→ **Work required**
Lines below starting with the line with "2-комнатная квартира ·" and going on through the line with "Janhavi Resort and" must be output exactly; the rest of the records must be left out.

----

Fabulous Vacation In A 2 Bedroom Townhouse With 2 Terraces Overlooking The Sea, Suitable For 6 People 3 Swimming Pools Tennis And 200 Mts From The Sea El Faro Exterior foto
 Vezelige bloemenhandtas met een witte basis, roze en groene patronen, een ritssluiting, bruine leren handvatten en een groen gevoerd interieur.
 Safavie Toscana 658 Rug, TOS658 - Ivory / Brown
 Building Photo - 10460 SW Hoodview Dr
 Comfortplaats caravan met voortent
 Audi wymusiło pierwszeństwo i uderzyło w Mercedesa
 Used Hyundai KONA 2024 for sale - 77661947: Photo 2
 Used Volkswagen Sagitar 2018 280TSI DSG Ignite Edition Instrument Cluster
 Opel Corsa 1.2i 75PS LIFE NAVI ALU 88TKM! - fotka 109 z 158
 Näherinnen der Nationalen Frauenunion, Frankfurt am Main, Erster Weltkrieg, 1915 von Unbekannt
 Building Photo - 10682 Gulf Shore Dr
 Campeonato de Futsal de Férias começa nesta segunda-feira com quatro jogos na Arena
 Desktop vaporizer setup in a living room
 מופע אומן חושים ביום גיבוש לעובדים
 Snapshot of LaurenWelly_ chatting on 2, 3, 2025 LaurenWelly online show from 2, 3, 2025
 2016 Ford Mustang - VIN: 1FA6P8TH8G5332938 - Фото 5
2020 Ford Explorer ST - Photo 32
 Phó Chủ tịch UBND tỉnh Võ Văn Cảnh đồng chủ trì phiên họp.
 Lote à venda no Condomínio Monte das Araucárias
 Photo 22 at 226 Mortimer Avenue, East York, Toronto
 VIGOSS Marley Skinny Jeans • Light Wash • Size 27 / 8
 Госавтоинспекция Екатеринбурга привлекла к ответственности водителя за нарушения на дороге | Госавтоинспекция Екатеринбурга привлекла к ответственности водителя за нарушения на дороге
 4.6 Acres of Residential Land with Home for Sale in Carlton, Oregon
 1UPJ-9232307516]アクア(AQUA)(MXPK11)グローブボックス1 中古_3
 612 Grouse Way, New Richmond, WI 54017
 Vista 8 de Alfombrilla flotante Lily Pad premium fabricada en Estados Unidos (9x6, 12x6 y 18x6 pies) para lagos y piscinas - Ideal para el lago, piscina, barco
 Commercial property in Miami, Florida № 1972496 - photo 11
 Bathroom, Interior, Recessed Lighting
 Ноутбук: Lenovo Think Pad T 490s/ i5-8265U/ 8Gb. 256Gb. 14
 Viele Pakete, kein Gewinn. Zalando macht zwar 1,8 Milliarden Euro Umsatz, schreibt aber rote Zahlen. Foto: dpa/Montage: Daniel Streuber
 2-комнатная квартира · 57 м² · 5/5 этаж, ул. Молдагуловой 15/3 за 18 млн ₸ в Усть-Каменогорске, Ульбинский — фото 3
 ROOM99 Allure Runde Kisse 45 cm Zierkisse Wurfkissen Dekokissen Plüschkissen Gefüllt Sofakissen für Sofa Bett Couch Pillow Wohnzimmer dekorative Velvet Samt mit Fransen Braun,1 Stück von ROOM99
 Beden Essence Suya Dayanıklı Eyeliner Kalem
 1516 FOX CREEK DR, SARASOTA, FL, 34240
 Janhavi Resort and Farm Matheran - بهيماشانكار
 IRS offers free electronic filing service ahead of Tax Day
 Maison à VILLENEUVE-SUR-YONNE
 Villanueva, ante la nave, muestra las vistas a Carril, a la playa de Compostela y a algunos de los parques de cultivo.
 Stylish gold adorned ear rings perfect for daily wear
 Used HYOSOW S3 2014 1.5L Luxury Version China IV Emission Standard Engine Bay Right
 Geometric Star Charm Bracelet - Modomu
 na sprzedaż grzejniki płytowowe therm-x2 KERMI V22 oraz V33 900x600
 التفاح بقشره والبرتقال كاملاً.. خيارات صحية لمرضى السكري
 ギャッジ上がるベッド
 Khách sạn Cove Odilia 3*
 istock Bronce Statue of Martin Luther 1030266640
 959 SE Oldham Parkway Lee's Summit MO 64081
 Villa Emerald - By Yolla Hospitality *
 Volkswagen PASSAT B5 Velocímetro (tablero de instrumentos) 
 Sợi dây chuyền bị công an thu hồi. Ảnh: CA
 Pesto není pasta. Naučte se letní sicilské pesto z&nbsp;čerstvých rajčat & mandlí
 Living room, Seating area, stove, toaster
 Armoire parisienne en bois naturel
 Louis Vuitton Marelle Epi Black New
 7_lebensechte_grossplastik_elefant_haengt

----

→ **Answer area**
 2-комнатная квартира · 57 м² · 5/5 этаж, ул. Молдагуловой 15/3 за 18 млн ₸ в Усть-Каменогорске, Ульбинский — фото 3
 ROOM99 Allure Runde Kisse 45 cm Zierkisse Wurfkissen Dekokissen Plüschkissen Gefüllt Sofakissen für Sofa Bett Couch Pillow Wohnzimmer dekorative Velvet Samt mit Fransen Braun,1 Stück von ROOM99
 Beden Essence Suya Dayanıklı Eyeliner Kalem
 1516 FOX CREEK DR, SARASOTA, FL, 34240
 Janhavi Resort and Farm Matheran - بهيماشانكار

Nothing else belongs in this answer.